Hemat saya di sini kita mengenal ironi Natal. Betapa tidak! Kesukaan besar, dapatkah itu ditemukan pada kelahiran seorang anak dari sebuah keluarga miskin yang sedang ketiadaan tumpangan? Berita gembira bagi seluruh bangsa, mungkinkah itu bermula dari pinggir sebuah kota kecil? Juruselamat, bisakah Dia dijumpai dan dialami di dalam diri seorang bayi? Pembebas, dalam sosok anak kecil yang terikat lampin di kawan hewan? Yang membebaskan, dalam Dia yang dikandangkan? Kristus yang diurapi, di tengah bau binatang, pemilik sah dari kandang itu? Rentetan pertanyaan ini mengungkapkan ironi Natal.
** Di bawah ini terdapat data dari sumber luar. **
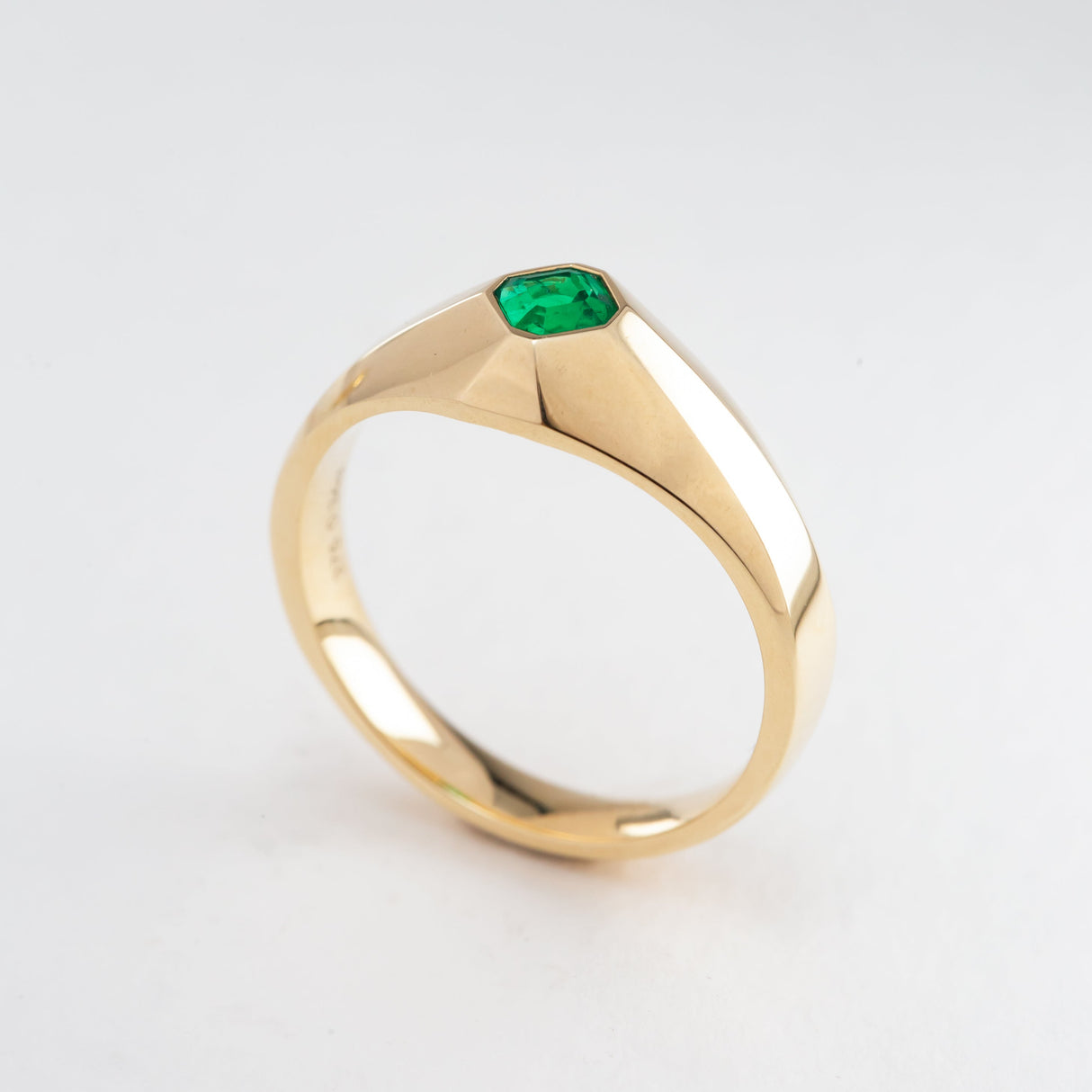 Emerald Geometric Signet Ring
Orang Kristen merayakan Natal sebagai pesta Allah memberikan jawaban-Nya kepada harapan manusia. Apakah ini sebuah jawaban yang memadai? Yang diimpikan adalah keselamatan, namun yang ditemukan adalah sebuah kemiskinan. Yang dinantikan adalah pembebasan, tapi yang diberikan adalah sebuah ketakberdayaan. Yang dirindukan adalah kepastian, sementara yang dijumpai adalah seorang bayi, tanda paling jelas dari ketidakpastian. Ini adalah sebuah ironi, karena jawaban yang diberikan Allah terlampau kecil untuk segudang pertanyaan yang kita kandung dalam diri kita. Kelahiran itu tampaknya terlalu tak berarti untuk kerinduan kita yang sangat besar. Palungan itu terlalu sederhana untuk membungkus hadiah yang kita harapkan. Lalu apa makna ironi itu?
Natal bukanlah jawaban tuntas dari Allah yang sanggup mendiamkan semua pertanyaan manusia. Natal tidak dapat sebagai akhir dari sejarah. Ke;ahiran Kristus bukanalah jawaban yang memberikan kepenuhan bagi serba kerinduan dan impian manusia. Sebaliknya! Kelahiran itu menyingkapkan sederetan pertanyaan baru, membakar kembali kerinduan manusia, menyalakan lagi impiannya. Natal, kelahiran Kristus, bukan titik final dari segala ziarah, bukan penyelesaian semua tugas dan akhir segala beban kehidupan. Sejarah Allah dan manusia tidak berhenti di sini.
Natal berarti Kristus lahir dalam sebuah kehinaan, ditengah kekelaman nasib para miskin, dalam kepeutusasaan sekian banyak bangsa yang terpenjara karena kemiskinan, kebodohan, dan ketidakadilan. Kristus tidak datang untuk menutupi semua itu. Sebaliknya, Dia datang untuk menyingkapkan semua itu. Dia datang agar kemiskinan, keputusasaan, aib dan ketakberdayaan itu tidak terus disembunyikan.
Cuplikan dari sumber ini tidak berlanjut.